RECORDS PROVIDED Start Marker
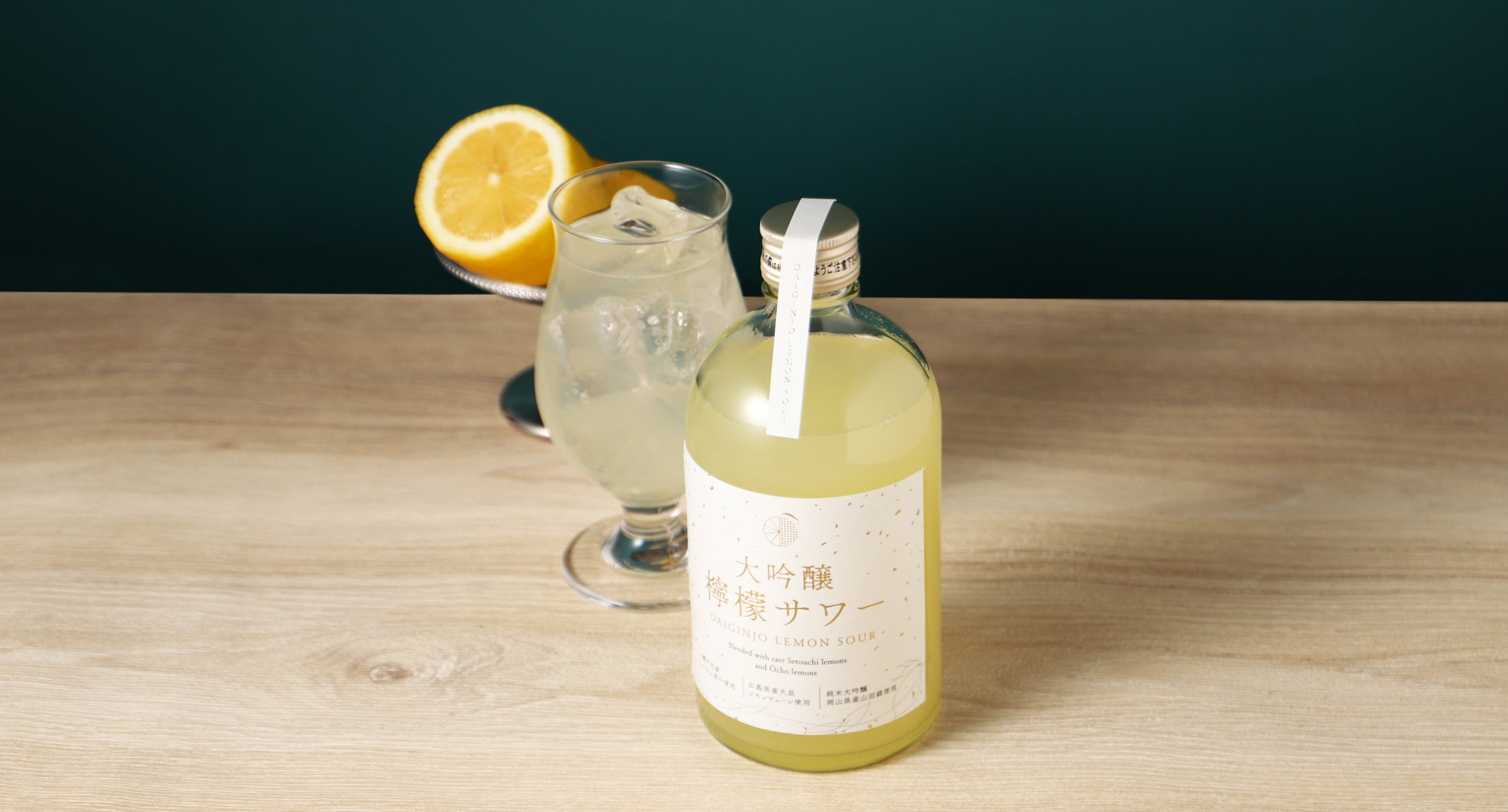 大吟醸檸檬サワー | クラフト酒・日本酒の通販ならKURAND（クランド）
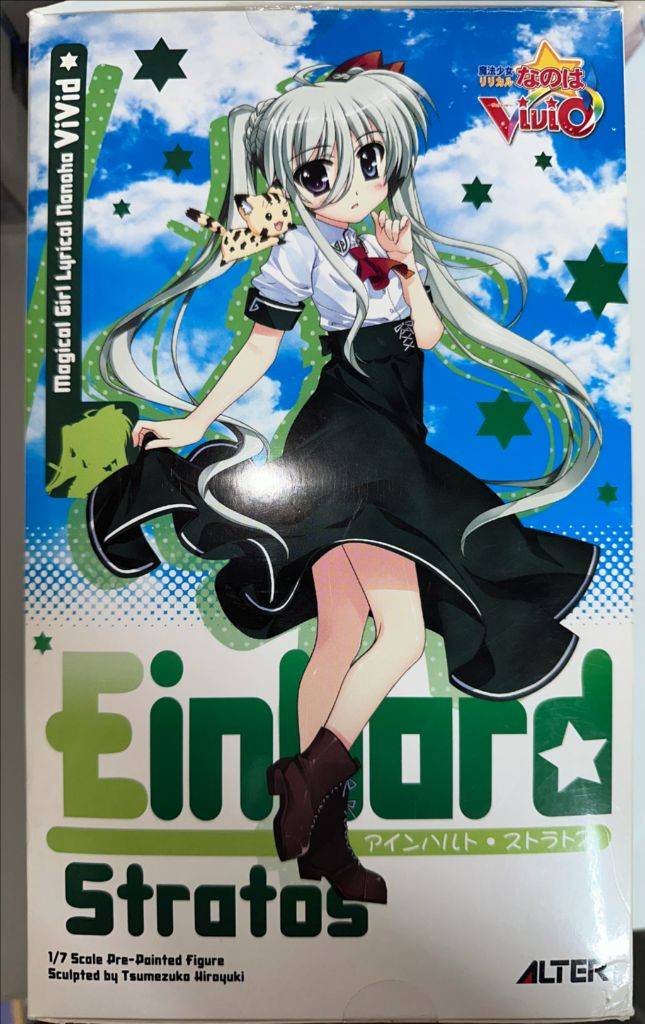 마법소녀 리리컬 나노하 아인하르트 스트라토스 알터피규어--6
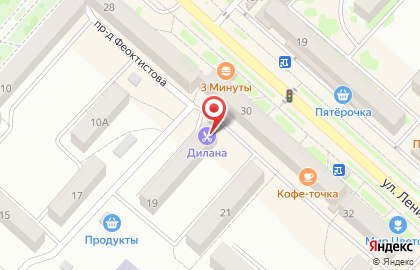 Парикмахерская Дилана на карте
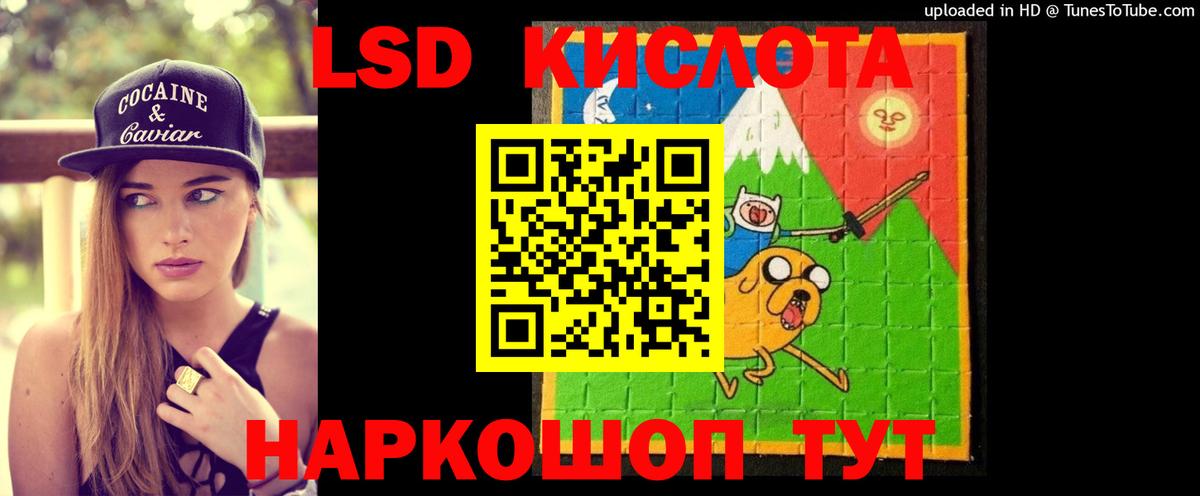 Канабис  Вход с VPN  МЕТ  Марихуана  КОКАИН  Купить наркоту  МЕФ кристаллы  Печора  ГАШ 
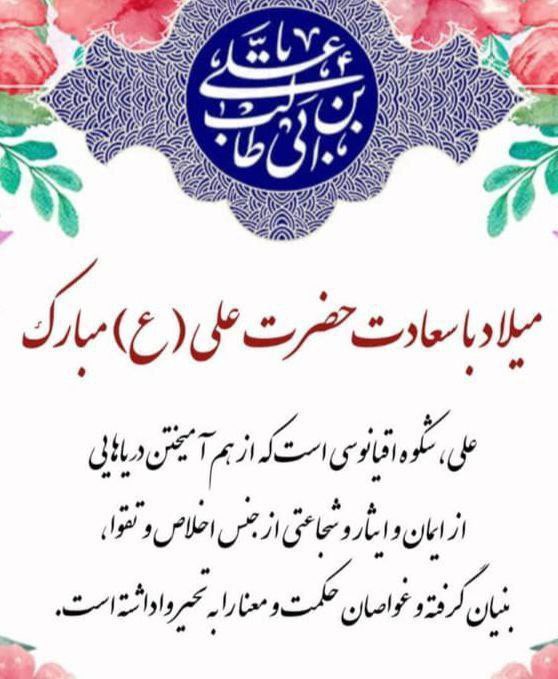 MRezaDehshiri's tweet photo. ضمن تبریک میلاد باسعادت حضرت علی (ع) و روز مرد، و گرامیداشت تقارن آن با دهه مبارک فجر، دوبیتی زیبای امام خمینی درباره امیرالمومنین (ع) تقدیم می شود:

فارغ از هردو جهانم به گل روی علی
از خم دوست جوانم به خم موی علی
طی کنم عرصه ملک و ملکوت از پی دوست
یاد آرم به خرابات چو ابروی علی https://t.co/qUkl344fjO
RECORDS PROVIDED End Marker
TASK GOAL » Could you reproduce the lines above, from the one that holds "از خم دوست جوانم به خم موی علی" through the last, exactly as they stand?

SOLUTION FOR THIS PROBLEM »
از خم دوست جوانم به خم موی علی
طی کنم عرصه ملک و ملکوت از پی دوست
یاد آرم به خرابات چو ابروی علی https://t.co/qUkl344fjO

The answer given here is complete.